## Record extracts

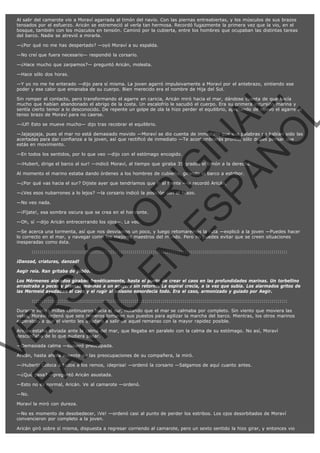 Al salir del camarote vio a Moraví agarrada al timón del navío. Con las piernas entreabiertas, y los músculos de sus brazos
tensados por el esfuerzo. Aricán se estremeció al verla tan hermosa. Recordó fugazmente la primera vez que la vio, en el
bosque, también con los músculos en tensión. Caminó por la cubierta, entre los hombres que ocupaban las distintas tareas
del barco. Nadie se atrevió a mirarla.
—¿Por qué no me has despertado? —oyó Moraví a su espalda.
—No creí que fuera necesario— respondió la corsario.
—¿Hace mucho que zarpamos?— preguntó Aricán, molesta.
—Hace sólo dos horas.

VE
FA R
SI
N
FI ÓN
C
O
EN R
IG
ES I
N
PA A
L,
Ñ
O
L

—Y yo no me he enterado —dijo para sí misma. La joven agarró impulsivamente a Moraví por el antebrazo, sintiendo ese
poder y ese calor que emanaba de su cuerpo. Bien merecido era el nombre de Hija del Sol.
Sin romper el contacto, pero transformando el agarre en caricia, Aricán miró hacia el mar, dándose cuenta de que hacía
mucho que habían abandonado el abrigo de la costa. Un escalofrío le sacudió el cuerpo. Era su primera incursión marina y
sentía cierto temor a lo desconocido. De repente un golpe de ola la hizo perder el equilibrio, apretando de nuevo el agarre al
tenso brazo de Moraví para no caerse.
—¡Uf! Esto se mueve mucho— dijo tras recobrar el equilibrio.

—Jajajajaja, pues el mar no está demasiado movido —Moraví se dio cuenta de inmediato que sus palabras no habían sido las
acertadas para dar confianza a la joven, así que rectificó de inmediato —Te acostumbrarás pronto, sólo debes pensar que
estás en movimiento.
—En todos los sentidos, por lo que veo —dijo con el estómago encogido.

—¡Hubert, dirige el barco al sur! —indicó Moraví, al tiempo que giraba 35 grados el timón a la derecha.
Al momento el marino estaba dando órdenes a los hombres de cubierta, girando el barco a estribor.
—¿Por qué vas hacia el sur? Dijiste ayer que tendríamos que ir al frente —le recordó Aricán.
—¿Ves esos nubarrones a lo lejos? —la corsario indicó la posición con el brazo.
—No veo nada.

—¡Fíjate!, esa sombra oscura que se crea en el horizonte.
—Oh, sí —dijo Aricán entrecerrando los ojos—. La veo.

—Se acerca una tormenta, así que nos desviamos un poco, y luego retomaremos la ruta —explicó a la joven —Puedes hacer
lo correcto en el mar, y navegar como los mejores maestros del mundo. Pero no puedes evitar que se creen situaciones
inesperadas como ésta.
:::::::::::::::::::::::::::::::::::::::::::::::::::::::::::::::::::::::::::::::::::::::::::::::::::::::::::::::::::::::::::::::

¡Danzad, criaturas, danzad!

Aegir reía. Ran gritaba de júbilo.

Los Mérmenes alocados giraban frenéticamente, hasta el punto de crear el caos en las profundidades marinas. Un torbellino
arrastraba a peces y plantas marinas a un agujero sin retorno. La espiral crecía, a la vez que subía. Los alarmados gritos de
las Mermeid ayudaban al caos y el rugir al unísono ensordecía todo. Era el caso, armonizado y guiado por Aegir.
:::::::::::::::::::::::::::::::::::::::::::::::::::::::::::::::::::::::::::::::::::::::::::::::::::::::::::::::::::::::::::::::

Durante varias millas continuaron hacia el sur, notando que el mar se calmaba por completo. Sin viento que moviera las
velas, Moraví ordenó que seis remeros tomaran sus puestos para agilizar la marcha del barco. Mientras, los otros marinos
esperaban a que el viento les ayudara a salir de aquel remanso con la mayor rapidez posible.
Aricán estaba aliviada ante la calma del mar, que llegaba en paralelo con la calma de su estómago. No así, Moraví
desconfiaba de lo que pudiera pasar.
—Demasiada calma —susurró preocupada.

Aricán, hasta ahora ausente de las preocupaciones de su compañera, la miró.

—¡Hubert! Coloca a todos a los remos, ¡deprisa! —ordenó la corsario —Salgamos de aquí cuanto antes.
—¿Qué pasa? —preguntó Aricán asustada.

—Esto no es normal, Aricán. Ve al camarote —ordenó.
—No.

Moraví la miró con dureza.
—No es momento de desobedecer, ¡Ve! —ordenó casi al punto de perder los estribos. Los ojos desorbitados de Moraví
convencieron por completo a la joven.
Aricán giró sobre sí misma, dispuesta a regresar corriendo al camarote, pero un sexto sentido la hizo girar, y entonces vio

...

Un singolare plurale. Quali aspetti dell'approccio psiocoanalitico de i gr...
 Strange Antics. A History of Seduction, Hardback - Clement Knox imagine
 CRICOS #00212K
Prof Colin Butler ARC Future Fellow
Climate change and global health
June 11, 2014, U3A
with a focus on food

...

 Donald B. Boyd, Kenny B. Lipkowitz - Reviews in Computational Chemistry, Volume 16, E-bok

## Exercise aim
Once you find the line with "esperaban a que" above, print it and every line after it up to and including the line with "convencieron por completo a la joven.", exactly as written and nothing else.

## Response to this task
esperaban a que el viento les ayudara a salir de aquel remanso con la mayor rapidez posible.
Aricán estaba aliviada ante la calma del mar, que llegaba en paralelo con la calma de su estómago. No así, Moraví
desconfiaba de lo que pudiera pasar.
—Demasiada calma —susurró preocupada.

Aricán, hasta ahora ausente de las preocupaciones de su compañera, la miró.

—¡Hubert! Coloca a todos a los remos, ¡deprisa! —ordenó la corsario —Salgamos de aquí cuanto antes.
—¿Qué pasa? —preguntó Aricán asustada.

—Esto no es normal, Aricán. Ve al camarote —ordenó.
—No.

Moraví la miró con dureza.
—No es momento de desobedecer, ¡Ve! —ordenó casi al punto de perder los estribos. Los ojos desorbitados de Moraví
convencieron por completo a la joven.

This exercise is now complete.